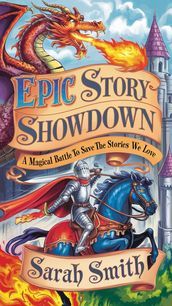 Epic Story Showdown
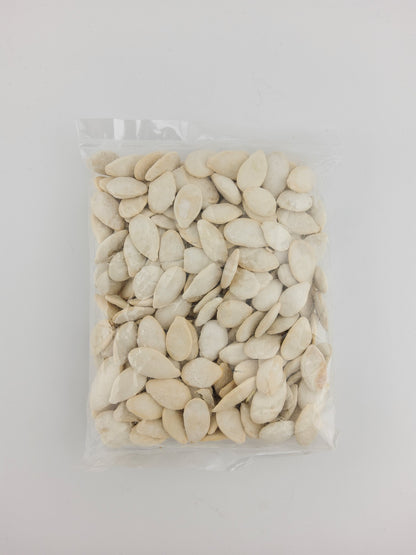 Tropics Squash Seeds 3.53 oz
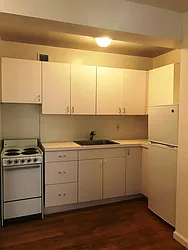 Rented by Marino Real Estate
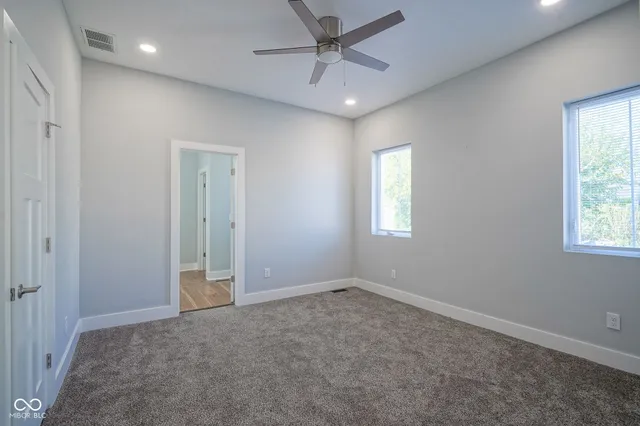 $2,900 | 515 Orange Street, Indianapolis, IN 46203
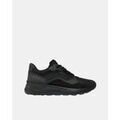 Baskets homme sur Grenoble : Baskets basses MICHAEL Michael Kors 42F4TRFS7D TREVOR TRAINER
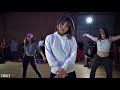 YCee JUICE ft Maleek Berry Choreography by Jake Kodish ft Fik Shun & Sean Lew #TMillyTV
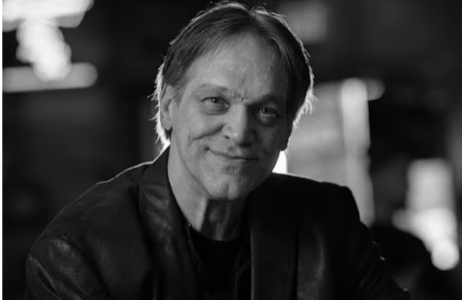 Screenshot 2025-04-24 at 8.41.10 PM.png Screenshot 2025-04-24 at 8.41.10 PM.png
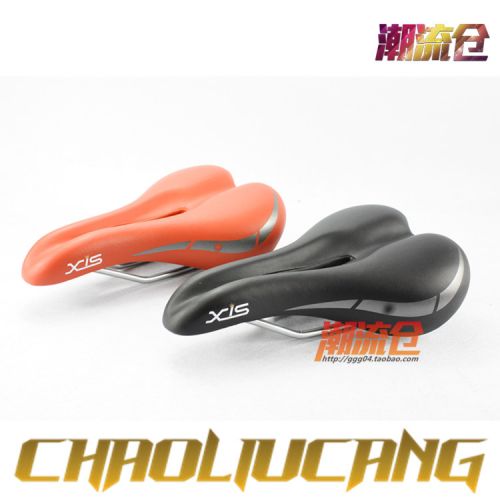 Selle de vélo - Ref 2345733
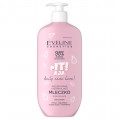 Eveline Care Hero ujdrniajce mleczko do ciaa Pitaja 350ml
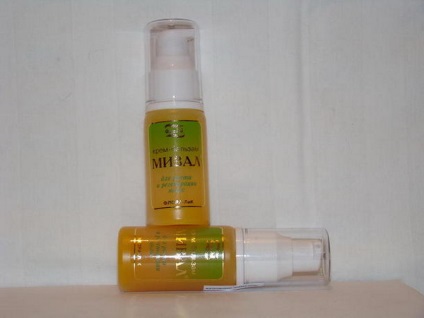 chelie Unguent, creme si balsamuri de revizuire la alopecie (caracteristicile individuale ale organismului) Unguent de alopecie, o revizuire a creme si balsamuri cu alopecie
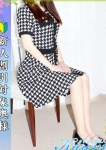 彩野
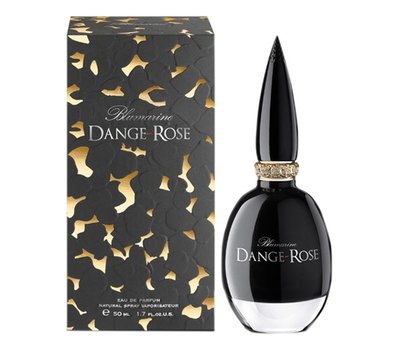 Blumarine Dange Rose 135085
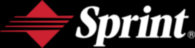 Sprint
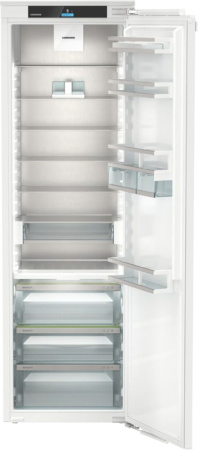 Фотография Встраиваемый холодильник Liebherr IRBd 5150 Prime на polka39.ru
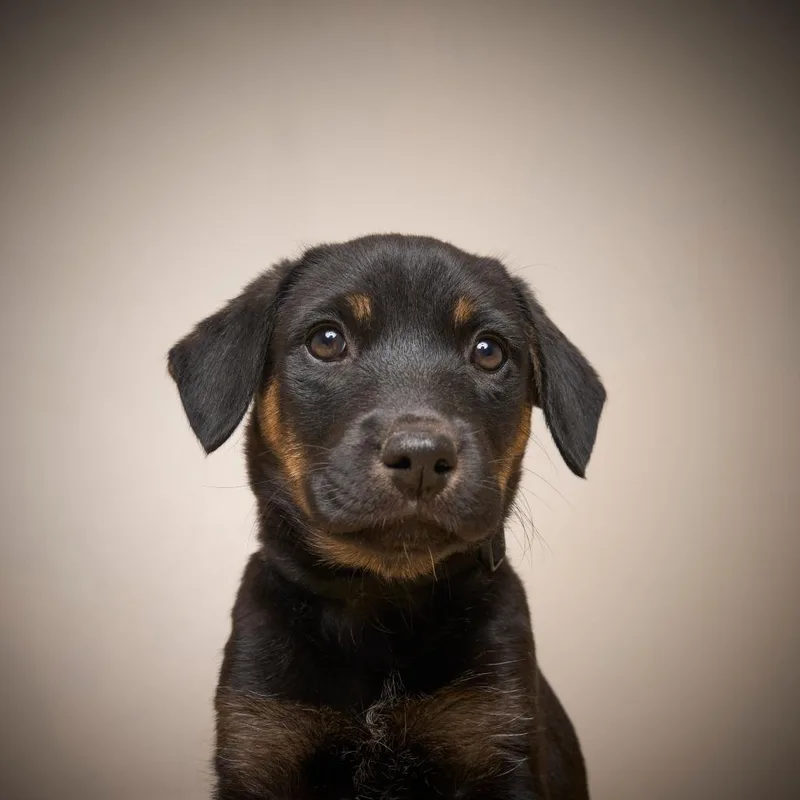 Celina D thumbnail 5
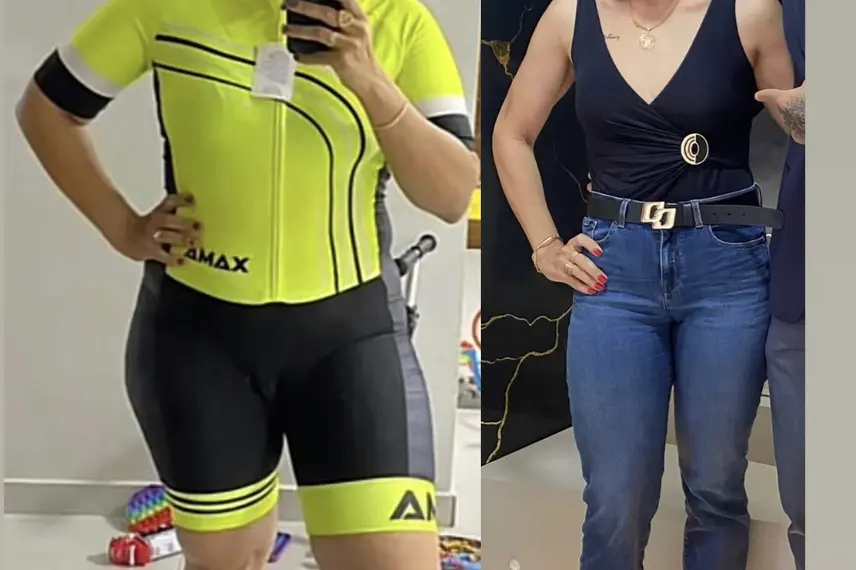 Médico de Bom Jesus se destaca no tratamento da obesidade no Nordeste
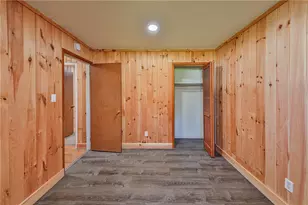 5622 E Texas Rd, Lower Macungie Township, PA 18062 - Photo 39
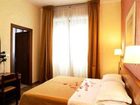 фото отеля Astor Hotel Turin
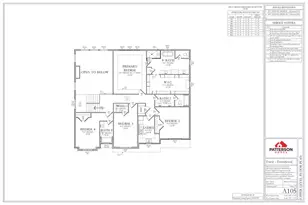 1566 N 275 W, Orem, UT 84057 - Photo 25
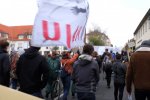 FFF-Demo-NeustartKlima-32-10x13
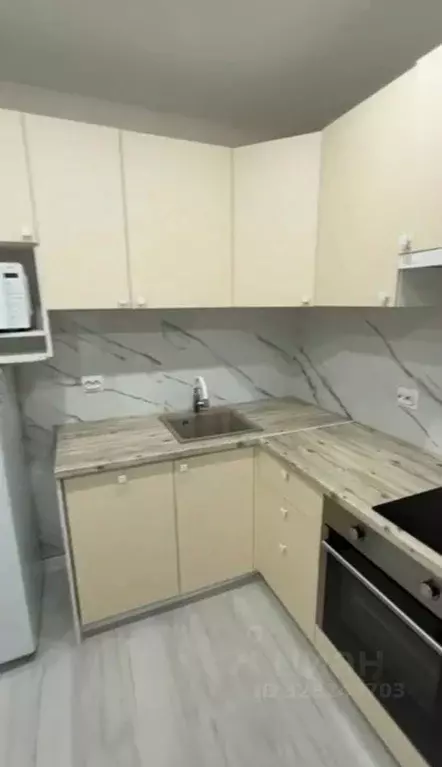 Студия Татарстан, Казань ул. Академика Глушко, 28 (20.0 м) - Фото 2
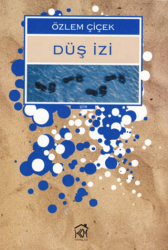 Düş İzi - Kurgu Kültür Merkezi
++++
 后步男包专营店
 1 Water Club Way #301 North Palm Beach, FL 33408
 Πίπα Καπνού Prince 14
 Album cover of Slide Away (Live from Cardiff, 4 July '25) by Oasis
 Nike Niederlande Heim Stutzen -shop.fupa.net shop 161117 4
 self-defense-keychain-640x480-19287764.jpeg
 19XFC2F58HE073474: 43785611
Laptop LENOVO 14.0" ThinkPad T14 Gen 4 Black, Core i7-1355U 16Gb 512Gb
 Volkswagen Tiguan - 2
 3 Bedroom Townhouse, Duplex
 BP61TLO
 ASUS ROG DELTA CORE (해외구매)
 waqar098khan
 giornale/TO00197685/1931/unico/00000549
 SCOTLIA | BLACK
++++
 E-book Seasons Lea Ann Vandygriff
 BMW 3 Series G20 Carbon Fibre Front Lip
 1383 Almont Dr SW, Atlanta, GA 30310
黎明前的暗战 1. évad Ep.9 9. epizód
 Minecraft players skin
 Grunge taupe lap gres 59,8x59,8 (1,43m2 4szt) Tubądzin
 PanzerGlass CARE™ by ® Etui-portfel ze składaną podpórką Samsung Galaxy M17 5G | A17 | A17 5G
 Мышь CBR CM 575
++++
**PROBLEM TO SOLVE:** Using only the listing above, restate exactly the lines from the line containing "黎明前的暗战 1. évad Ep.9 9. epizód" through the line containing "Мышь CBR CM 575", both included.

**ANSWER TO THE EXERCISE:**
黎明前的暗战 1. évad Ep.9 9. epizód
 Minecraft players skin
 Grunge taupe lap gres 59,8x59,8 (1,43m2 4szt) Tubądzin
 PanzerGlass CARE™ by ® Etui-portfel ze składaną podpórką Samsung Galaxy M17 5G | A17 | A17 5G
 Мышь CBR CM 575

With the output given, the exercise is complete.